Tom Lowe writing for the website Building has looked at a report by M&DH Insurance on the issue of payment within the construction industry and whether things have improved.

After the debacle of Carillion when suppliers and contractors to the monolith were expected to wait up to four months to be paid – with many never receiving a penny – Lowe reports there has been a   slight improvement in the conduct of accounts departments issuing payment.

He reported: “Three-quarters of the UK’s 100 largest contractors have shown no significant improvement on payment times in the past two years, according to new research. Only the top 25% of the leading contractors based on turnover have increased the pace at which they pay their bills by more than four days since 2018, a report by M&DH Insurance has revealed.”

The situation is pretty depressing for the average contractor. Despite the Government’s Prompt Payment Code (PPC) setting out a 30 day target for payment because it is voluntary there’s little evidence things have improved since Carillion.

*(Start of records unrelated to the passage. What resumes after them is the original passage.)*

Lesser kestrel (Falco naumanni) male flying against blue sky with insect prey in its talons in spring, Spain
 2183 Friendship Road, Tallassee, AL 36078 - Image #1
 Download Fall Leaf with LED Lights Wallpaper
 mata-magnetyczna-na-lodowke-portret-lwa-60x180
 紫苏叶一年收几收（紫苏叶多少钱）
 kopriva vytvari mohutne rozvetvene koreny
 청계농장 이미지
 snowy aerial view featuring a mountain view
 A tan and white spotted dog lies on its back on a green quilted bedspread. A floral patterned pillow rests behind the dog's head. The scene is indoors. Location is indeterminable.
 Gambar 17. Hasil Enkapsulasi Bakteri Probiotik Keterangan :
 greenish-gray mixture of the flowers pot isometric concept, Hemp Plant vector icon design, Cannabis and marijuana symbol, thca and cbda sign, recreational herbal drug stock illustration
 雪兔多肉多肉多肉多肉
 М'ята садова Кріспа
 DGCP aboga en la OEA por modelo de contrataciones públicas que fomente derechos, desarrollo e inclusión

Lowe reports: “When average numbers of days taken to pay bills were calculated, the top quartile were found to be paying suppliers 12 days earlier. The three other quartiles – those firms occupying positions 26 to 100 – improved by no more than 4.2 days, with the second quartile improving its payment times by just 0.2 days since 2018. 

“While the proportion of bills paid after 60 days by the UK’s largest 25 contractors fell by 12%, this figure grew among the smallest 25 contractors surveyed by over 2%. And while the proportion of bills paid within 30 days by the largest 25 contractors grew by 18.5%, among the smallest 25 the figure fell by 5.5%. This is despite a law introduced in April 2017 obliging firms to publish half-yearly reports on their payment practices.”

Ian Carrotte of ICSM Credit said: “This is not good enough as there are still too many construction firms who by internal policy pay late as this in effect gives them free credit. But more seriously it creates cash flow problems for their suppliers which can has caused perfectly sound businesses to go under.”

Richard Hames of M&DH insurance who created the report said the Government’s PPC had only had a limited success saying only companies who pay on time anyway abide by the code. There was still a problem in the construction sector with late payment.

Ian Carrotte agreed but said it wasn’t just the building and engineering sectors who suffered from the condition as it was still an issue across large areas of industry.

Hames said: “With Brexit, the depreciation of the pound, increasing material prices and EU workers returning to the EU, economic headwinds might have affected the bottom 25 more.”

He also said the largest firms may have improved more due to the greater likelihood of them working on public sector contracts, which often have a maximum 30-day payment period written in.